(Entries supplied)

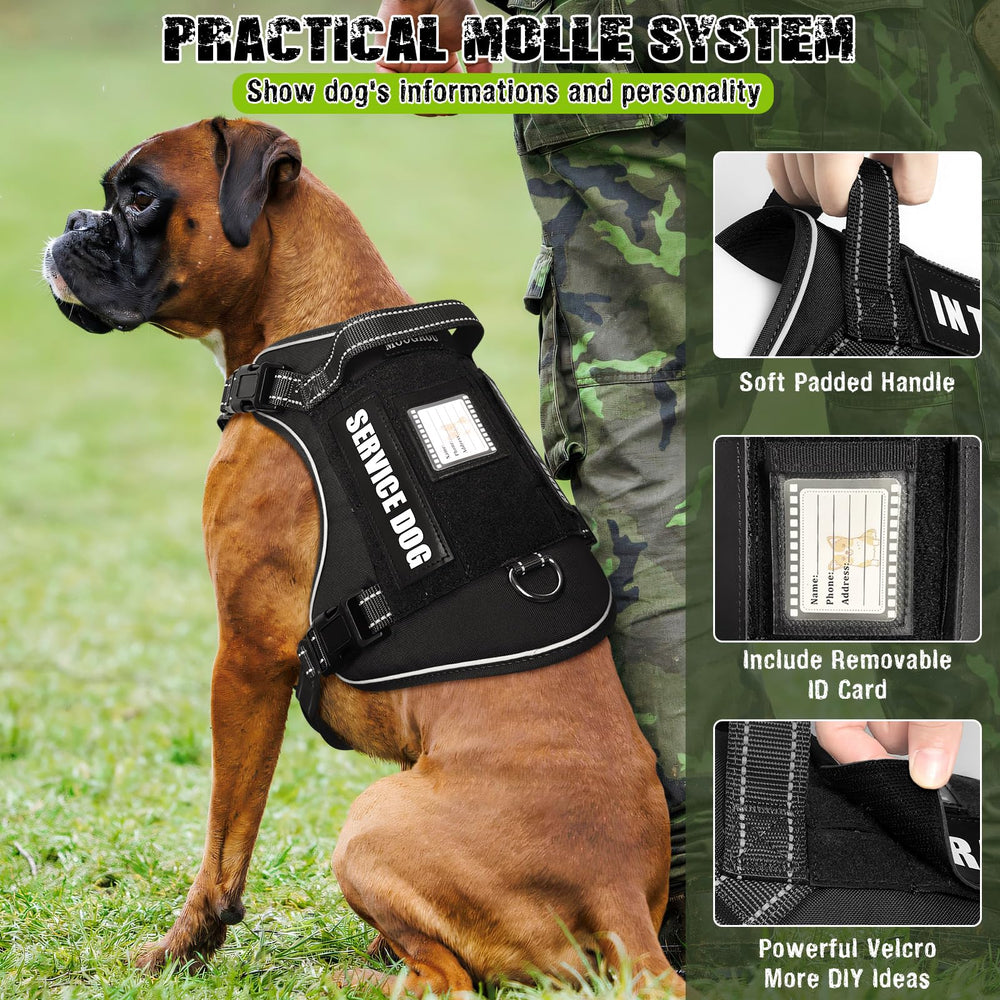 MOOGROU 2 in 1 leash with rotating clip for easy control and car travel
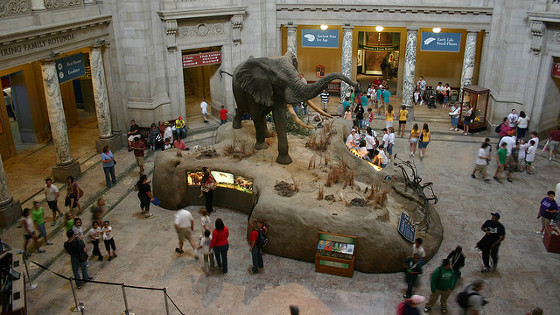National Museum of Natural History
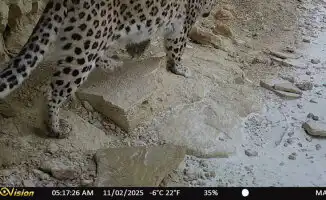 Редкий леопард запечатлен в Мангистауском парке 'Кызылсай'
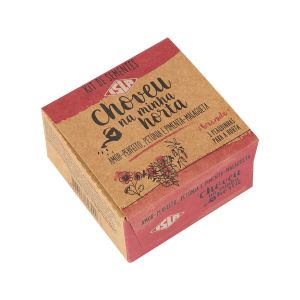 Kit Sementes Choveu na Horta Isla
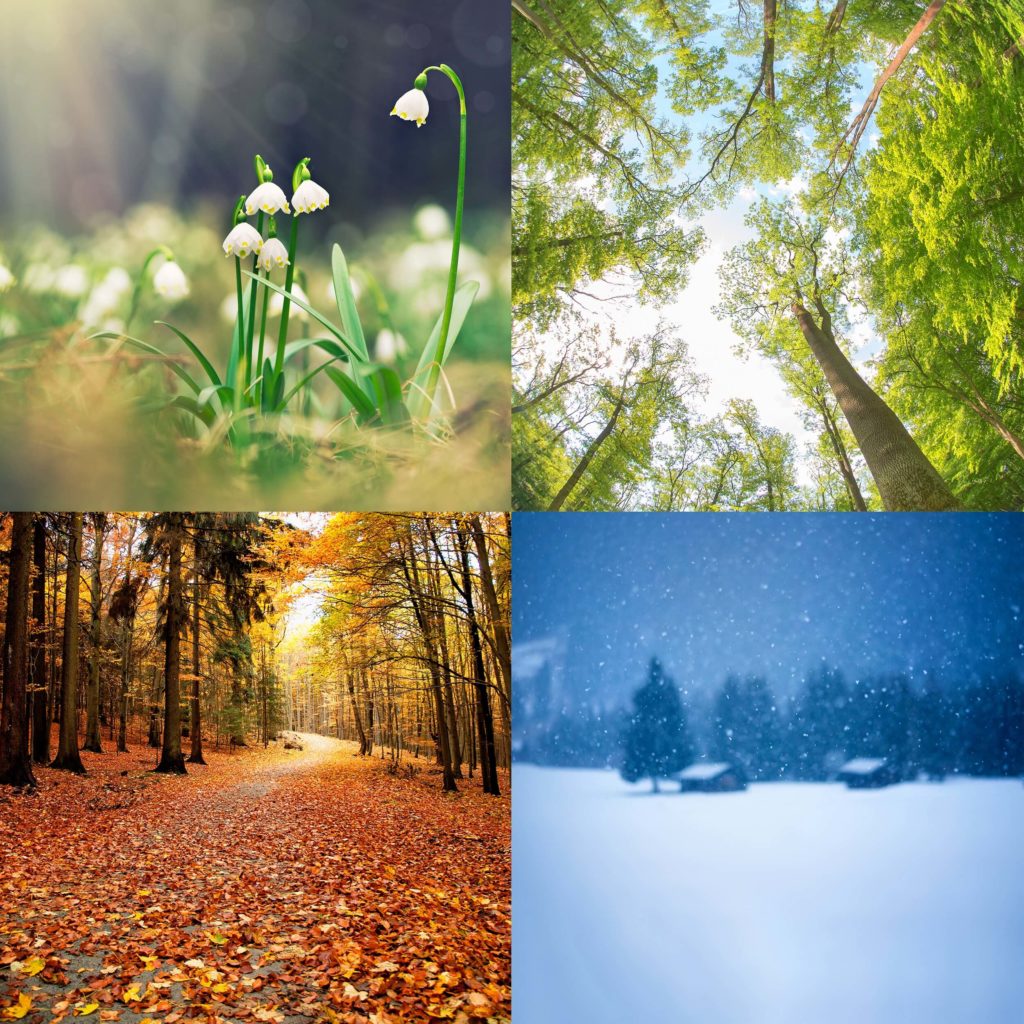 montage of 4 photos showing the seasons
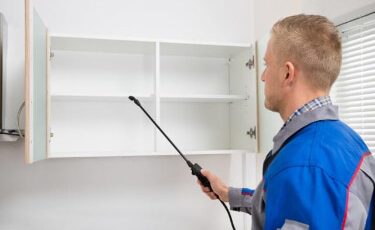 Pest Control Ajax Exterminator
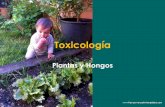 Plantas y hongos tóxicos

(End Entries supplied)

#### [What you are asked to do]
Write out the lines beginning at the line with "National Museum of Natural History" and ending at the last line of the entries. Include no pictures.

#### [Solution]
National Museum of Natural History
 Редкий леопард запечатлен в Мангистауском парке 'Кызылсай'
 Kit Sementes Choveu na Horta Isla
 montage of 4 photos showing the seasons
 Pest Control Ajax Exterminator
 Plantas y hongos tóxicos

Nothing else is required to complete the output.